§ WORK ITEM: Each line from the one holding "MDMA crystal Амурск" to the end of the data below must be output verbatim, with no other lines.

◆ ◆ ◆

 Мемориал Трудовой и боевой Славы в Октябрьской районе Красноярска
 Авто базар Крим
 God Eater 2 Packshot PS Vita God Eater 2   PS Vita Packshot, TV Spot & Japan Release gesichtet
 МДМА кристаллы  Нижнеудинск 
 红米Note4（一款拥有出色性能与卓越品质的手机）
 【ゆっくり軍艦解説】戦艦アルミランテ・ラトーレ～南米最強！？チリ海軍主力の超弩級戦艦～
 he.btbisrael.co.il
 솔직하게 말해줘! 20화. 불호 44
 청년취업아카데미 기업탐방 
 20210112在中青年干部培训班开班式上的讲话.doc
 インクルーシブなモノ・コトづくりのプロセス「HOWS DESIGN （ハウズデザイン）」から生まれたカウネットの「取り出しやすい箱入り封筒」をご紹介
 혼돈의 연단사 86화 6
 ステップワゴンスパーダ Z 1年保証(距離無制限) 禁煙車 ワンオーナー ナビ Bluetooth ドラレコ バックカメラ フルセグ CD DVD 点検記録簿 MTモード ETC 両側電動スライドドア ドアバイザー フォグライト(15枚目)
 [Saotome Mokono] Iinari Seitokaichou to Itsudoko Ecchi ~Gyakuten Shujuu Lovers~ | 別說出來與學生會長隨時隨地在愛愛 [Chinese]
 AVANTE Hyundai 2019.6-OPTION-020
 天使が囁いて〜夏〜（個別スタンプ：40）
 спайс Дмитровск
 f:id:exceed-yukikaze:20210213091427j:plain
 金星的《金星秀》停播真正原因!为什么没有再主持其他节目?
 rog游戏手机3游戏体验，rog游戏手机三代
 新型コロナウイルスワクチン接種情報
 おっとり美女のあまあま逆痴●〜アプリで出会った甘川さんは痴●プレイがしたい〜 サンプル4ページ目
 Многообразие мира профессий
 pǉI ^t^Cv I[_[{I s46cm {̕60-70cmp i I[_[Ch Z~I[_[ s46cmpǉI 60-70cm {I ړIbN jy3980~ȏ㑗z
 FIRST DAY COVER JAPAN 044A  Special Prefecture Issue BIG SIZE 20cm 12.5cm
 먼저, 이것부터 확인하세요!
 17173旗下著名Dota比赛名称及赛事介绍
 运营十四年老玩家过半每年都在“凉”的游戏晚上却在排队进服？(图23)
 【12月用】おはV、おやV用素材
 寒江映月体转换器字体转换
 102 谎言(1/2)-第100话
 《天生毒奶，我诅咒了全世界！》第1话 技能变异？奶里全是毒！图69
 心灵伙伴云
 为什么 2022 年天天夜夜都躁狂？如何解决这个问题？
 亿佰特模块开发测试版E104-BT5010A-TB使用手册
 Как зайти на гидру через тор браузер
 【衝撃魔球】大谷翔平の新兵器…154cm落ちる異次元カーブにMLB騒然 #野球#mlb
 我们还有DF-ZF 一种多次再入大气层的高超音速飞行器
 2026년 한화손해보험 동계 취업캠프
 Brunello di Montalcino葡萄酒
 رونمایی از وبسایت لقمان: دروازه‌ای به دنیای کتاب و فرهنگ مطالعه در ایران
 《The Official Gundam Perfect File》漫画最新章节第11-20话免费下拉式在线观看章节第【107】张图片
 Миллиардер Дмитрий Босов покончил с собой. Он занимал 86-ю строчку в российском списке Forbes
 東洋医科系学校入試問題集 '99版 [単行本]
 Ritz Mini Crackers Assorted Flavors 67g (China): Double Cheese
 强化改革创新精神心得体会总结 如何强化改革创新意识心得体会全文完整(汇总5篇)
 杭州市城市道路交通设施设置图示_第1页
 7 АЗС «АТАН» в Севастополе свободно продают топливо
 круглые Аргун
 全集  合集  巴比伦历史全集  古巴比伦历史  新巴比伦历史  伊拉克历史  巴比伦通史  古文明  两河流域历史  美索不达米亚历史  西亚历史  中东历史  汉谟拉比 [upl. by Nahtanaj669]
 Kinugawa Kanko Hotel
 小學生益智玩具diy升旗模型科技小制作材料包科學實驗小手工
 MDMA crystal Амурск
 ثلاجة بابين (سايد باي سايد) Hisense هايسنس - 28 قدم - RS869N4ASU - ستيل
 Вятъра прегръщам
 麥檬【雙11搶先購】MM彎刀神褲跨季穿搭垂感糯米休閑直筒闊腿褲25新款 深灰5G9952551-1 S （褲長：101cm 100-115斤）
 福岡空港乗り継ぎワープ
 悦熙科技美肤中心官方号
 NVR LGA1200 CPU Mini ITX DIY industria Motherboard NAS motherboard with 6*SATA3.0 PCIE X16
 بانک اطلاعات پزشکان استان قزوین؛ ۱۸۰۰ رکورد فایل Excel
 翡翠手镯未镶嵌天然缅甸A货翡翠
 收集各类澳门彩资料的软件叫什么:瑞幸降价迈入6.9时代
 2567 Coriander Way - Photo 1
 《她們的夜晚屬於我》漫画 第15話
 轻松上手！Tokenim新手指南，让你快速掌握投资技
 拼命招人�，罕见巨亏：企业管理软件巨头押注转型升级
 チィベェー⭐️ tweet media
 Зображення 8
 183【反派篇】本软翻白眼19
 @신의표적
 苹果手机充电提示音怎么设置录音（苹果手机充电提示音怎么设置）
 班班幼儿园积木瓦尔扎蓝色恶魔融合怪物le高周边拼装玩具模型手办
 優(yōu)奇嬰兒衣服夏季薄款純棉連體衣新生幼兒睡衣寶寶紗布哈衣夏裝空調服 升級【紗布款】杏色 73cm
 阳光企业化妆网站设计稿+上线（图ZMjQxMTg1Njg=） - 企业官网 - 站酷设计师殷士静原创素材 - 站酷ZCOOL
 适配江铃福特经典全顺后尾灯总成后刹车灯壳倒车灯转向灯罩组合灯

◆ ◆ ◆

§ YOUR SOLUTION:
 MDMA crystal Амурск
 ثلاجة بابين (سايد باي سايد) Hisense هايسنس - 28 قدم - RS869N4ASU - ستيل
 Вятъра прегръщам
 麥檬【雙11搶先購】MM彎刀神褲跨季穿搭垂感糯米休閑直筒闊腿褲25新款 深灰5G9952551-1 S （褲長：101cm 100-115斤）
 福岡空港乗り継ぎワープ
 悦熙科技美肤中心官方号
 NVR LGA1200 CPU Mini ITX DIY industria Motherboard NAS motherboard with 6*SATA3.0 PCIE X16
 بانک اطلاعات پزشکان استان قزوین؛ ۱۸۰۰ رکورد فایل Excel
 翡翠手镯未镶嵌天然缅甸A货翡翠
 收集各类澳门彩资料的软件叫什么:瑞幸降价迈入6.9时代
 2567 Coriander Way - Photo 1
 《她們的夜晚屬於我》漫画 第15話
 轻松上手！Tokenim新手指南，让你快速掌握投资技
 拼命招人�，罕见巨亏：企业管理软件巨头押注转型升级
 チィベェー⭐️ tweet media
 Зображення 8
 183【反派篇】本软翻白眼19
 @신의표적
 苹果手机充电提示音怎么设置录音（苹果手机充电提示音怎么设置）
 班班幼儿园积木瓦尔扎蓝色恶魔融合怪物le高周边拼装玩具模型手办
 優(yōu)奇嬰兒衣服夏季薄款純棉連體衣新生幼兒睡衣寶寶紗布哈衣夏裝空調服 升級【紗布款】杏色 73cm
 阳光企业化妆网站设计稿+上线（图ZMjQxMTg1Njg=） - 企业官网 - 站酷设计师殷士静原创素材 - 站酷ZCOOL
 适配江铃福特经典全顺后尾灯总成后刹车灯壳倒车灯转向灯罩组合灯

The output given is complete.